ST. LOUIS -- It takes only one postseason to change a well-known player into something of a cult hero. Ask Carlos Beltran. Or Francisco Rodriguez.

And now, Roy Oswalt.

Oswalt, perhaps the least famous back-to-back 20-game winner in Major League history, proved on Thursday why his Houston Astros teammates view him as the ace of the pitching staff.

The right-hander had no margin for error through seven brilliant innings, holding his opponents to a single run as the Astros topped the St. Louis Cardinals, 4-1. Before a sellout crowd of 52,358 at Busch Stadium, Houston evened the National League Championship Series at 1-1.

After falling in a disappointing Game 1 loss, the Astros needed Oswalt to be Oswalt. No one was surprised at how forcefully the right-hander delivered.

"He was determined tonight," manager Phil Garner said. "He was as locked in as I've seen him. There were a couple points in the game where I thought he made a couple good pitches that were really close in key situations and he didn't get the called strike. He didn't let it rattle him."

Garner was referring to the fifth frame, when Oswalt threw at least two pitches to Jim Edmonds that could have easily been construed as strike three. Home plate umpire Greg Gibson thought differently, until the last fastball Oswalt threw to the inside corner. Strike three.

Albert Pujols led off the next frame with a solo homer, narrowing Houston's lead to 2-1, but that would be the end of the Cardinals' scoring threat.

"He makes a mistake to Pujols and just shuts them down after that," Garner said. "That's as locked as you get. When you're playing in these high-pressure situations, it can be easy to wear down. Roy didn't."

Oswalt's finest moments arrived when he appeared to be tiring in the seventh. Yadier Molina doubled to left, and pinch-hitter John Rodriguez drew a walk. After a rather lengthy conversation on the mound with pitching coach Jim Hickey, Oswalt coaxed a fly ball to center field from David Eckstein and escaped the inning when Edmonds knocked a first-pitch ground ball to Lance Berkman.

"That was the ballgame," Garner said. "That was definitely the ballgame, because we opened it up after that. That [seventh] was their shot."

"I knew it was going to be the last inning I was out there," Oswalt said. "The pitch count was getting up. It was a key situation in the game, two men on and the meat of their lineup coming up. To get out of that inning and the next inning, to have to face Pujols with no one on, was a key situation in the game."

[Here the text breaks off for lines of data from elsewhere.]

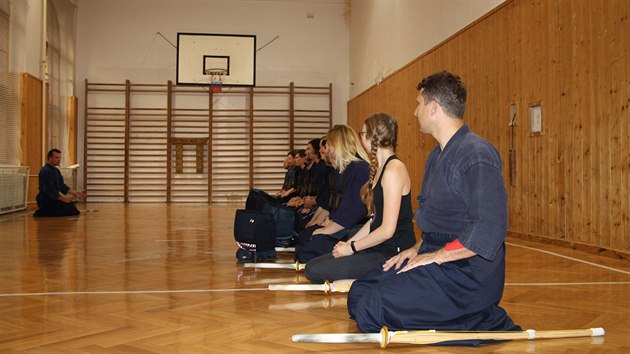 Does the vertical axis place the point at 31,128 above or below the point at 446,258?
above

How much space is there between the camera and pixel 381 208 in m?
3.16

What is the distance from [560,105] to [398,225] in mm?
3892

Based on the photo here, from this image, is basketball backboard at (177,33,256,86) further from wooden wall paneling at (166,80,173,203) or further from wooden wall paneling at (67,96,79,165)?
wooden wall paneling at (67,96,79,165)

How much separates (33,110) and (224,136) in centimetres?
494

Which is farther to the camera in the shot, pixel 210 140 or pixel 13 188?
pixel 210 140

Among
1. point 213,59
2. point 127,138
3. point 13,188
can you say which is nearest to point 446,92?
point 13,188

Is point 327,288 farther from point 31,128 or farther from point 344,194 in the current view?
point 31,128

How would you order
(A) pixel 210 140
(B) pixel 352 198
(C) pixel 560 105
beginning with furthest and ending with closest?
1. (A) pixel 210 140
2. (C) pixel 560 105
3. (B) pixel 352 198

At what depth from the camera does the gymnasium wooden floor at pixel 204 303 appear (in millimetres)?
2443

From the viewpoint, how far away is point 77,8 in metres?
15.2

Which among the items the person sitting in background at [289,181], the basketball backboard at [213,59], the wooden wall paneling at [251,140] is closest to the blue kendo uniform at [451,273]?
the person sitting in background at [289,181]

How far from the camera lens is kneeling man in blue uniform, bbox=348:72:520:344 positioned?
228 centimetres

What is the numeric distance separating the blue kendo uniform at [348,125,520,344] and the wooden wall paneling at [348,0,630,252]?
11.5 ft

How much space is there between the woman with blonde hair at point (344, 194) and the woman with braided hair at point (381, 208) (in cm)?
44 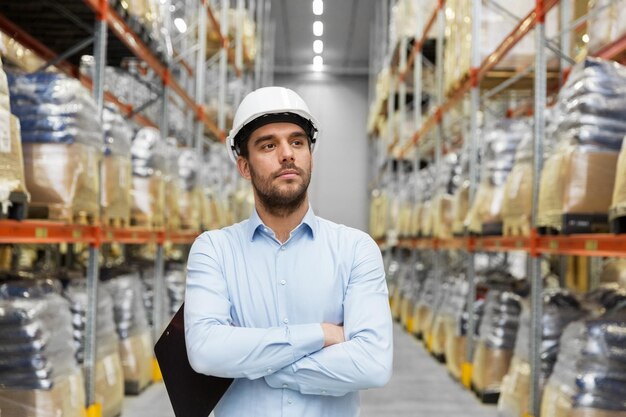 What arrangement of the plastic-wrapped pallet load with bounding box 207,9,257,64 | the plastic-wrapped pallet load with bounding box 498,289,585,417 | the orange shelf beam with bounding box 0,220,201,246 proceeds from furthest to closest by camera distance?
1. the plastic-wrapped pallet load with bounding box 207,9,257,64
2. the plastic-wrapped pallet load with bounding box 498,289,585,417
3. the orange shelf beam with bounding box 0,220,201,246

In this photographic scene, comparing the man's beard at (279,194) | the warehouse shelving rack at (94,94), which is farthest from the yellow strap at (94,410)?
the man's beard at (279,194)

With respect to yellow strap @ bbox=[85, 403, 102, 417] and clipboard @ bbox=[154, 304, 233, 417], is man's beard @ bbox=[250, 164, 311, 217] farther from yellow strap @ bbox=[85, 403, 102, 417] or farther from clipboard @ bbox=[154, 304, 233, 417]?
yellow strap @ bbox=[85, 403, 102, 417]

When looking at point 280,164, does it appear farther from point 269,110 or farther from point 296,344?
point 296,344

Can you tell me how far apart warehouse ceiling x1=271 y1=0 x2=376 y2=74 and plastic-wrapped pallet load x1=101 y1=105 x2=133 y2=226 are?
1351 centimetres

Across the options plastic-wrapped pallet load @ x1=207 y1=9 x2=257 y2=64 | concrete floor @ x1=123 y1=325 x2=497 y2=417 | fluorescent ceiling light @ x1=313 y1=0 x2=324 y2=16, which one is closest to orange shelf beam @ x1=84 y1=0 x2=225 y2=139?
concrete floor @ x1=123 y1=325 x2=497 y2=417

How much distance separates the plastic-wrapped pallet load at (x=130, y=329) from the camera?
6.38m

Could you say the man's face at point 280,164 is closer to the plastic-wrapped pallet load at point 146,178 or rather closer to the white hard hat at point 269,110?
the white hard hat at point 269,110

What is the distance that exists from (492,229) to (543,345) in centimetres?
154

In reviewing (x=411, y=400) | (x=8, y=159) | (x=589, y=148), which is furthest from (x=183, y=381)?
(x=411, y=400)

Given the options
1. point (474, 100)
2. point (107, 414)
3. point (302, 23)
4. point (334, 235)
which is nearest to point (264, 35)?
point (302, 23)

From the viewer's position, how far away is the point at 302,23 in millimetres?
20484

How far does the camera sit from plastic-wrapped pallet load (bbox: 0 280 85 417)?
13.1 ft

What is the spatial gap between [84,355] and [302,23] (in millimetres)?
16687

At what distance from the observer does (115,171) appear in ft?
18.6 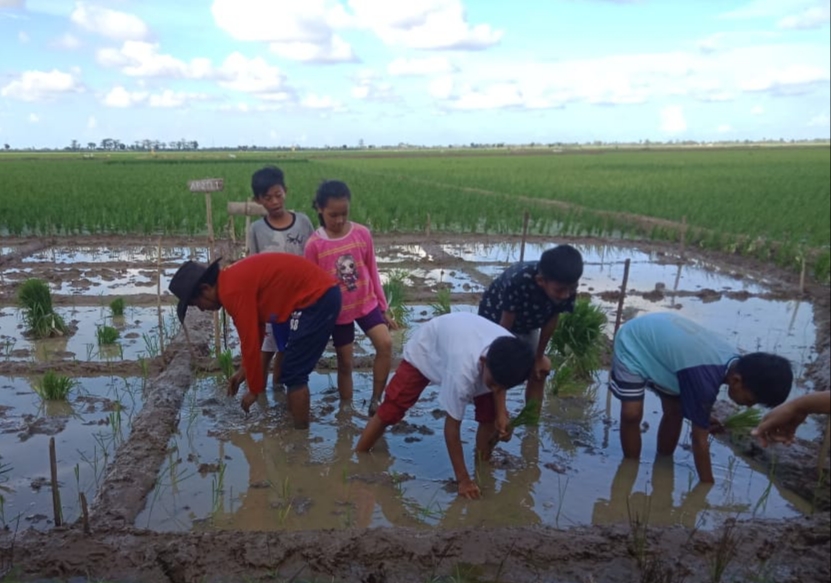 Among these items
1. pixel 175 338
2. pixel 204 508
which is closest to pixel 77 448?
pixel 204 508

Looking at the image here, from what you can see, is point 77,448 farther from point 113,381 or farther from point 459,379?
point 459,379

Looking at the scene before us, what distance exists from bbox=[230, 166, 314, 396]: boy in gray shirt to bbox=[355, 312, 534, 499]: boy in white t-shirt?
972 millimetres

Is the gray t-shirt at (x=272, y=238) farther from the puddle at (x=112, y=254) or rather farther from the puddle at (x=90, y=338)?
the puddle at (x=112, y=254)

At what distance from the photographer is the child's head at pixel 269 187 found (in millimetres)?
3654

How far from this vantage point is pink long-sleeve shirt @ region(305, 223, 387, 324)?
12.1 feet

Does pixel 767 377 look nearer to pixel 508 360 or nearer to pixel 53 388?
pixel 508 360

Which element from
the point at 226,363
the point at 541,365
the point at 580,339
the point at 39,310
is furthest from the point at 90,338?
the point at 580,339

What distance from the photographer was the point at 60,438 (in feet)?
11.6

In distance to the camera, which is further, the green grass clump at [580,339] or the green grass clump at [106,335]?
the green grass clump at [106,335]

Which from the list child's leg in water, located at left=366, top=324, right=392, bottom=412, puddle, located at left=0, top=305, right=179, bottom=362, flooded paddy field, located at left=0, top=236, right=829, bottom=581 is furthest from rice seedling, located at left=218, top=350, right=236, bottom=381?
child's leg in water, located at left=366, top=324, right=392, bottom=412

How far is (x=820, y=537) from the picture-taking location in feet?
8.94

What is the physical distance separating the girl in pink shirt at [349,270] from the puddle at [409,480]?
495 millimetres

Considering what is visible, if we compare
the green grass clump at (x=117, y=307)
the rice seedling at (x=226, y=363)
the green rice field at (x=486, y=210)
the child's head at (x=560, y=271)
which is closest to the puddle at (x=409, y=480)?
the rice seedling at (x=226, y=363)

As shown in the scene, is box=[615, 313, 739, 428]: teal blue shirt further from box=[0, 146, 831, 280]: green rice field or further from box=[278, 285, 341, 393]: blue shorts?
box=[0, 146, 831, 280]: green rice field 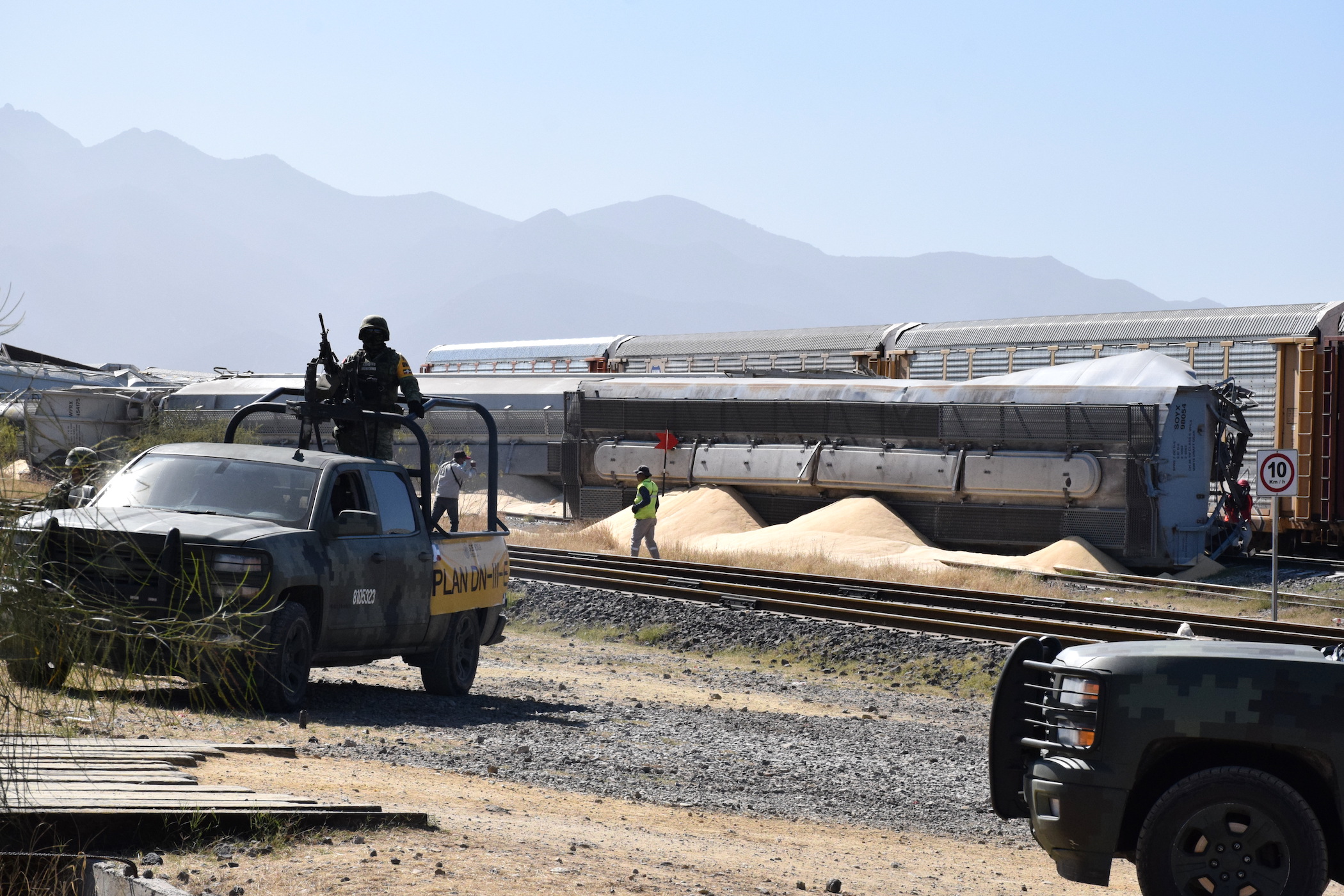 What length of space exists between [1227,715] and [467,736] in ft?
17.8

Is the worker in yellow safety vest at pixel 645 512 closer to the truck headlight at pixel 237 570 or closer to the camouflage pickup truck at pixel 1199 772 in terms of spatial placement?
the truck headlight at pixel 237 570

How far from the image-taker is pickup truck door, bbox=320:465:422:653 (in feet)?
32.1

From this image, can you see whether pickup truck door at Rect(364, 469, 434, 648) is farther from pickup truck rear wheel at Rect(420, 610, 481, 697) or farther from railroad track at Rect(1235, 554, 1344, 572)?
railroad track at Rect(1235, 554, 1344, 572)

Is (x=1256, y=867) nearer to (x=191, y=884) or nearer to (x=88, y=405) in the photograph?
(x=191, y=884)

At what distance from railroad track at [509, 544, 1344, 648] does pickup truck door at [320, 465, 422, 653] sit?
22.3ft

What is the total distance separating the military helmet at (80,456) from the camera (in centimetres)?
526

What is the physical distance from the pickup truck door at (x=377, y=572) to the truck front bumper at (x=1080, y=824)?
536 centimetres

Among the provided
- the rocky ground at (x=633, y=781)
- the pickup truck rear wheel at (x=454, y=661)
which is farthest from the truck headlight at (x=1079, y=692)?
the pickup truck rear wheel at (x=454, y=661)

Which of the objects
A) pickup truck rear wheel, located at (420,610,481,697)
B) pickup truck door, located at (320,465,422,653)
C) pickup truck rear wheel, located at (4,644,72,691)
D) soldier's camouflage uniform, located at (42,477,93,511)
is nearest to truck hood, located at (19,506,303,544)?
pickup truck door, located at (320,465,422,653)

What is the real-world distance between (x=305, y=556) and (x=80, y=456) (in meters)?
4.05

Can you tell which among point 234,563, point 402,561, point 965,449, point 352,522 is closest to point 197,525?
point 234,563

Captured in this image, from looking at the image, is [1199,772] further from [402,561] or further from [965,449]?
[965,449]

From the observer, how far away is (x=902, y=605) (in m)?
18.2

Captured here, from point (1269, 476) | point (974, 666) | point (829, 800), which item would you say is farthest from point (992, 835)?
point (1269, 476) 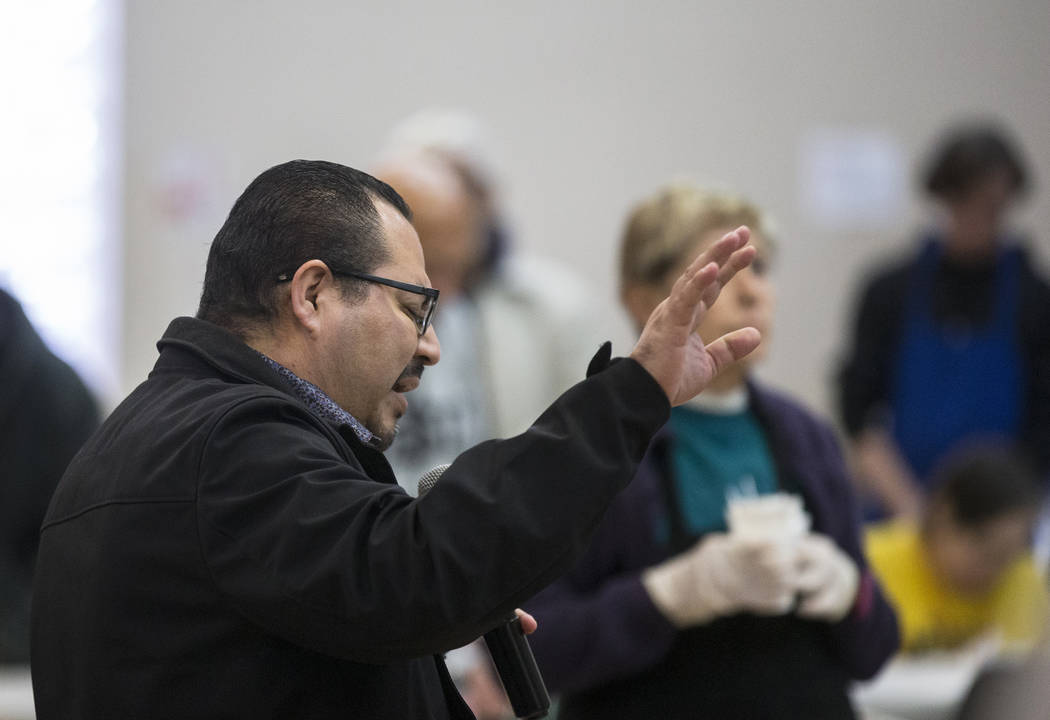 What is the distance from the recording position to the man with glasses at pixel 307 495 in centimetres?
111

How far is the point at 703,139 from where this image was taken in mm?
5125

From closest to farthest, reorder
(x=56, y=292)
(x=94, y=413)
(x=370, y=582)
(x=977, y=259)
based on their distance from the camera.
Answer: (x=370, y=582) → (x=94, y=413) → (x=977, y=259) → (x=56, y=292)

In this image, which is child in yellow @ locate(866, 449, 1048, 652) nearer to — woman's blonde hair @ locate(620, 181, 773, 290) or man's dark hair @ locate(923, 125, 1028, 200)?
man's dark hair @ locate(923, 125, 1028, 200)

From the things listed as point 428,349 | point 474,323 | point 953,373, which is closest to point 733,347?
point 428,349

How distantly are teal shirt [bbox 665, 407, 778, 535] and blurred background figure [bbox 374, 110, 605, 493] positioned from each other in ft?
3.33

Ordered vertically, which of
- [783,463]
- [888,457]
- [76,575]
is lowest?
[888,457]

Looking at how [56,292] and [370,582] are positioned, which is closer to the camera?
[370,582]

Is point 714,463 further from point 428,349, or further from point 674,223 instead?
point 428,349

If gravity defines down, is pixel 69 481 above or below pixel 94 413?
above

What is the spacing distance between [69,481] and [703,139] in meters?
4.07

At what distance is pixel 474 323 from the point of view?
3221mm

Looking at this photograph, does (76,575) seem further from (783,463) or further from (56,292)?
(56,292)

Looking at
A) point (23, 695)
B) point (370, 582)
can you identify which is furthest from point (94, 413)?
point (370, 582)

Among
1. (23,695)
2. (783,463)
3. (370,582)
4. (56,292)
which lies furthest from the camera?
(56,292) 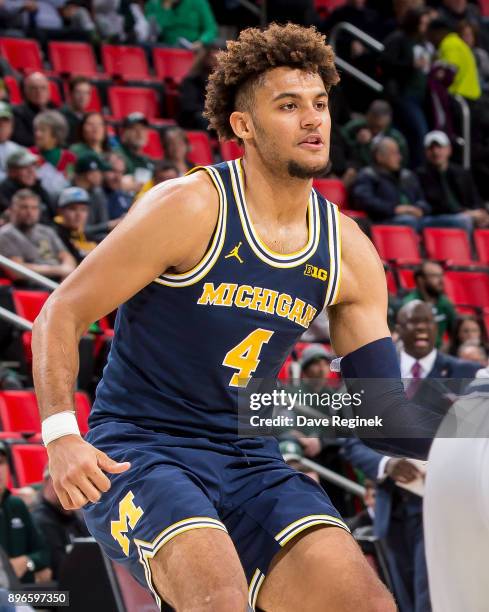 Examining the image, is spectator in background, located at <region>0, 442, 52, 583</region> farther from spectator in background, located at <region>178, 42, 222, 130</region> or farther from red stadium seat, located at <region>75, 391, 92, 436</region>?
spectator in background, located at <region>178, 42, 222, 130</region>

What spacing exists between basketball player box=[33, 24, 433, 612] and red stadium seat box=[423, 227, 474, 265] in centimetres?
776

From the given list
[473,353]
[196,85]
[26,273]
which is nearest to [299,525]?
[26,273]

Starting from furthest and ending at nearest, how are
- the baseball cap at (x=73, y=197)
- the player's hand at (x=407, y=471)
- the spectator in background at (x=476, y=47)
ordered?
1. the spectator in background at (x=476, y=47)
2. the baseball cap at (x=73, y=197)
3. the player's hand at (x=407, y=471)

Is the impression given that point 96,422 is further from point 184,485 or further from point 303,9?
point 303,9

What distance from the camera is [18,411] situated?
300 inches

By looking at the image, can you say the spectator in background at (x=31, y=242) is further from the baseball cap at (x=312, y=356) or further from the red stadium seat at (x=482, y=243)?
the red stadium seat at (x=482, y=243)

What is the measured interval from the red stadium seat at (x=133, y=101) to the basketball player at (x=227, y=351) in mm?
8068

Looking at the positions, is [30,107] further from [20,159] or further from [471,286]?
[471,286]

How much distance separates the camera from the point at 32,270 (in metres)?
8.39

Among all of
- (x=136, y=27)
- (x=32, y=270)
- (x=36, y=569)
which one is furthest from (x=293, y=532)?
(x=136, y=27)

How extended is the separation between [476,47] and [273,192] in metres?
11.3

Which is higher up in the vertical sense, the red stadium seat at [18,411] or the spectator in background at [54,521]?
the red stadium seat at [18,411]

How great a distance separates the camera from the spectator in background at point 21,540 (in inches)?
248

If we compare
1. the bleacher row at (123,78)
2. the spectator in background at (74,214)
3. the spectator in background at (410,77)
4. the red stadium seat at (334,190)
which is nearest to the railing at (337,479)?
the spectator in background at (74,214) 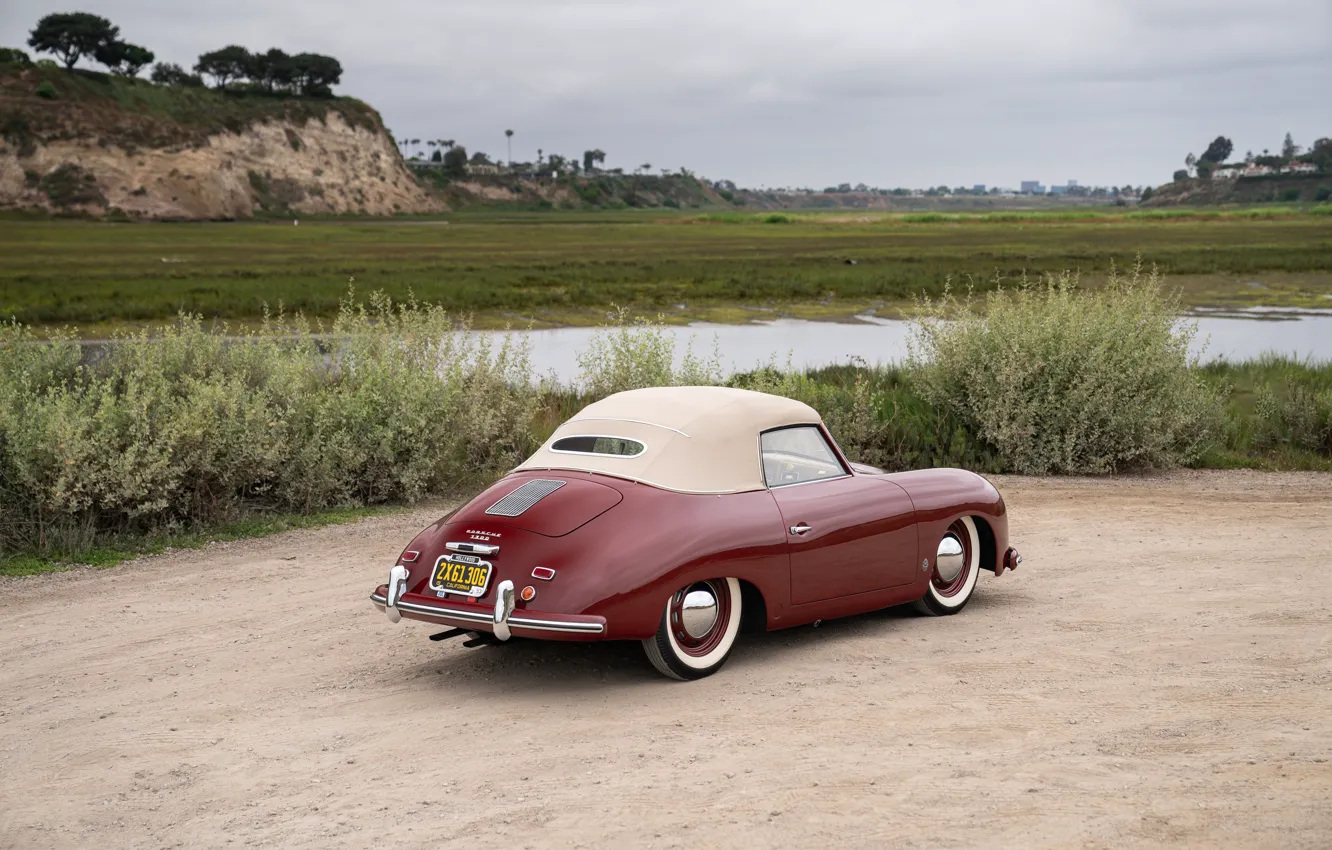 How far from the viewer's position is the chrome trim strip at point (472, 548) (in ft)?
23.1

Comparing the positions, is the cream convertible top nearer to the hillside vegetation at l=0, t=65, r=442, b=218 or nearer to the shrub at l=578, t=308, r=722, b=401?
the shrub at l=578, t=308, r=722, b=401

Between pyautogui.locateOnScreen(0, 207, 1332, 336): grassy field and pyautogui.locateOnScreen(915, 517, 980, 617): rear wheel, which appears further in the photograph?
pyautogui.locateOnScreen(0, 207, 1332, 336): grassy field

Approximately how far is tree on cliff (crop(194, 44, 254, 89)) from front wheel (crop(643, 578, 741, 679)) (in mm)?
180989

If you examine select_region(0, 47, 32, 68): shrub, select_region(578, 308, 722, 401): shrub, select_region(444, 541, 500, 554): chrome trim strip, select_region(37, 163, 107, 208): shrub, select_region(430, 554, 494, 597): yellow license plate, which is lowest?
select_region(430, 554, 494, 597): yellow license plate

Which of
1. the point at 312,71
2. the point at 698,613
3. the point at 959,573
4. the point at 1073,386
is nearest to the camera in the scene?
the point at 698,613

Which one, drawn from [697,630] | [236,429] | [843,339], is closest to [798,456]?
[697,630]

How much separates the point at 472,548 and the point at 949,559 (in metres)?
3.43

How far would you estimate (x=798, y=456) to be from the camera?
8328 millimetres

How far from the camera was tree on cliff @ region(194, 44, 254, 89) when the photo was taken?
17462cm

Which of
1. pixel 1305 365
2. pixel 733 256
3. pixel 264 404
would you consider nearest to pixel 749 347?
pixel 1305 365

Oswalt left the game with a lead, thanks in part to Chris Burke, who proved Garner right by giving him this rare start in left field.

"Hi, Chris Burke-tober," hitting coach Gary Gaetti chortled as Burke strode to his locker to address, for the second time this week, a herd of national reporters, many of whom had never heard of him before last Sunday.

Burke, who homered in his previous two postseason at-bats, tripled to right-center field with one out in the second and scored on catcher Molina's passed ball.

Burke also helped turn a one-run lead into a three-run victory during the eighth inning while facing St. Louis reliever Julian Tavarez. Berkman doubled to right, but was frozen when both Morgan Ensberg and Jason Lane grounded to short. Berkman advanced to third on Tavarez's wild pitch, and Burke drove in the run with a base hit to left.

Adam Everett tripled to left, allowing Burke to plate the fourth and final run.

"He prepares himself very well, and a lot of that goes unnoticed because people aren't here to see that," Everett said of Burke. "He's a big-time player. He likes the spotlight."

Thursday's win was the Astros' first NLCS road victory over the Cardinals, dating back to last season. The Cardinals won all four games at Busch Stadium during the seven-game series.

Leaving St. Louis with a 1-1 split was signficant, considering they left here 0-2 this time last year and then won all three games in Houston.

"It's important," Garner said of the split. "We beat them here, and we haven't done that for a while in these [playoff] situations. They know that, and we know that, too. It's not going to make any of these games any easier, but there's a measure of confidence there that says, 'Yes, we've done it.'

"We'll have to play hard, we'll have to play good baseball. But tonight, this was as good a game as it gets."